If Charles Dickens were to come back to earth, I’ve got a great novel idea for him because let me tell you, the plight of the French peasantry has nothing on these folks.
As we’ve been covering here at ThePopTort, the horrendous situation created by Indiana’s $5 million overall incident “cap” on damages is finally hitting home. Yesterday, Ken Feinberg, who has done such a bang up job for victims of the Gulf oil spill on behalf of BP (not really), and who was tapped to do the same on behalf of the state for victims of the Indiana State Fair stage collapse, announced yesterday that the families of the seven people killed will get $300,000. And get this (not that we should be surprised). Just as he did for BP, Feinberg is pressuring these families to sign quickly and requiring a complete liability release, so if they take this paltry sum, these families can’t even challenge the cap in court:
If families and victims agree to the payments, they wouldn't be allowed to sue the state. Indiana law caps the state's liability at $5 million, and some victims' families have already filed lawsuits challenging that limit. The offers must be accepted or rejected by Monday....
Attorney Mario Massillamany said his client Lisa Hite suffered head injuries and a fractured heel but was offered only about $7,000. Her medical bills are already six times that amount, let alone her lost wages and future bills.
Plus they offered "$500,000 to a 17-year-old boy who suffered full-body paralysis." Yet Indiana isn’t alone in its cruelty. On Monday a Philadelphia area jury awarded $14 million to a young women who had to have her leg amputated while still a high school student, when a school bus plowed into a group a students.

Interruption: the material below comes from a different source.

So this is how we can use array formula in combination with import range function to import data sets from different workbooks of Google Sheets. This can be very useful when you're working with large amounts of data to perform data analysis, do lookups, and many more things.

But Pennsylvania has a $500,000 liability cap for municipalities and school districts, so the judge is going to have the ignore the jury (whose award included $3 million so she can get things like prosthetics) and reduce the award to the cap – if she’s lucky. As AP writes, like Indiana’s law,
The $500,000 cap applies to all awards stemming from a single incident. And seven others have sued over injuries from the crash. If the cap is upheld, Zauflik could be left to share the $500,000 with any others who win damage awards.

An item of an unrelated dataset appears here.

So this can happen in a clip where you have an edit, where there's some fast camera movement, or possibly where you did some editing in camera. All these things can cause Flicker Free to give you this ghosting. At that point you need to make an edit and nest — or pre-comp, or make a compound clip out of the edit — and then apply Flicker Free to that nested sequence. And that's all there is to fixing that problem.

Meanwhile, yesterday a big settlement was announced for the families of those 29 miners killed last year in the Massey Energy Upper Big Branch mine explosion in West Virginia. The company, now owned by Alpha, will pay $46.5 million to the families of those killed and to the two co-workers who lived. That’s $1.5 million per family. The company will also “spend $80 million to boost safety in all of its underground mines and set up a $48 million fund for mining-safety and health research. Alpha Natural Resources also agreed to pay $34.8 million in fines and fees that Massey Energy owed to the Mine Safety and Health Administration.”
CBS reports,
“The settlement was bitterly criticized by some of the dead men's relatives, who said they won't be satisfied until charges are filed against those they consider responsible for the catastrophe, the nation's deadliest mine accident in 40 years.
Gary Quarles, whose son Gary Wayne Quarles died in the disaster, said: "I want to hear names, and I want to know what they're going to be charged for. Today would have been a fine day for them to have told us.” The families still want criminal prosecutions.
Yes, the settlement begs for more. But compared to victims of disasters caused by government entities, at least they’ve left the starting gate.




In the Indiana stage collapse case the $300k amount for the seven folks that died is consistent with the wrongful death statute, which has a 300k cap. See IC 34-23-1-2. The statutory cap is unfair in most circumstances just like the $1.25 million medical malpractice cap.